Nie narzekam
27.02.2002 02:11
<b>- Przejście do Szachtara to awans sportowy?</b>
Wywiad z Wojciechem Kowalewski
- Przejście do Szachtara to awans sportowy?
- Sprawy potoczyły się bardzo szybko. Wstępna analiza mówi, że pod względem sportowym będzie to awans. Szachtar ma w tym sezonie bardzo ambitne plany. Chodzi o mistrzostwo Ukrainy i start w Lidze Mistrzów. Najlepszy dowód to zatrudnienie Nevio Scali, bardzo znanego włoskiego trenera.
- Legia w sparingu pokonała Szachtara 2:0, więc czy aby na pewno trafi Pan do lepszej drużyny?
- Nie powiedziałem, że przechodzę do lepszej. Legia i Szachtar prezentują poziom porównywalny. Chodziło mi raczej o możliwości klubów. Ale rzeczywiście w pierwszej połowie Legia rozegrała wtedy bardzo dobre spotkanie. Po przerwie już przeważał Szachtar. Tamten wynik nie miał żadnego znaczenia. Więcej o umiejętnościach moich nowych kolegów mogę powiedzieć dopiero po tym, jak potrenowałem z nimi w Hiszpanii. Doniecka jeszcze nie widziałem, lecz od Mariusza Lewandowskiego, który jest zawodnikiem Szachtara, oraz mojego menedżera pana Jerzego Kopy wiem, że pod względem organizacyjnym ten klub prezentuje poziom światowy. Byłem już na Ukrainie na badaniach lekarskich, jednak nie w Doniecku, tylko w jednej z mniejszych miejscowości. Pojechaliśmy tam kilka dni temu pociągiem.
- Czy propozycja Szachtara była rzeczywiście nagła?
- Pierwszy sygnał dostałem pod koniec grudnia. Akurat tego dnia brałem ślub cywilny, gdy zadzwonił do mnie menedżer. Powiedziałem, że wstępnie jestem zainteresowany, ale ponieważ potem nic się nie działo, to uznałem, że sprawa została zamknięta. A potem był luty i wszystko potoczyło się błyskawicznie.
- Szachtar ma budżet kilkakrotnie wyższy od Legii. Pan też będzie zarabiać kilkakrotnie więcej aniżeli w Warszawie.
- Na temat budżetu nie mam prawa się wypowiadać. Ile razy więcej sam będę zarabiał, też trudno powiedzieć, bo wpływają na to różne uwarunkowania. Pieniądze wcale nie były najważniejsze, chociaż na pewno istotne. Przez pewien czas wahałem się z podpisaniem kontraktu, ale nie dlatego, że chciałem wynegocjować jak najwięcej. Musiałem przetrawić ofertę, a myślałem głównie o aspekcie sportowym.
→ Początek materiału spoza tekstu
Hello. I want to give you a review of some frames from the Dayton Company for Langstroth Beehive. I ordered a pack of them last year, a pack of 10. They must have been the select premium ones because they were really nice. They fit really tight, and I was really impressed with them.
- Jeszcze niedawno polscy piłkarze nie brali poważnie możliwości wyjazdu na Wschód. Tym bardziej na Ukrainę, gdzie życie wcale nie jest bezpieczne. Mówi się, że silne wpływy ma tam mafia, a najsilniejsze właśnie w Doniecku.
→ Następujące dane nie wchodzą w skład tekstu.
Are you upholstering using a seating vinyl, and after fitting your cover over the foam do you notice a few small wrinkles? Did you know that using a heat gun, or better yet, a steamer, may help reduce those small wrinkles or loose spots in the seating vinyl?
- Gdy do tego klubu przychodził Mariusz Lewandowski, to miałem wątpliwości, czy rzeczywiście robi dobrze. Potem z nim porozmawiałem. Znamy się jeszcze ze wspólnych występów w Groclinie. Pewne fakty potwierdził. Na Ukrainie pomiędzy warstwami społecznymi rzeczywiście istnieją ogromne różnice. Jest wielki luksus i jest okropna bieda. Ale ja jadę tam przede wszystkim po to, aby grać w piłkę, a nie po to, by zwiedzać miasto. Sądzę, że większość czasu będę spędzał w ośrodku treningowym Szachtara i będzie to dla mnie po prostu kilkuletni obóz przygotowawczy. Aklimatyzuję się szybko w każdych warunkach i tam też sobie poradzę. Oczywiście warunki do życia są istotne, jednak dla mnie nigdy nie były najważniejsze. Mariusz ma mieszkanie w mieście, ja też mam takie dostać, ale zamierzam zacząć z niego korzystać dopiero po pewnym okresie.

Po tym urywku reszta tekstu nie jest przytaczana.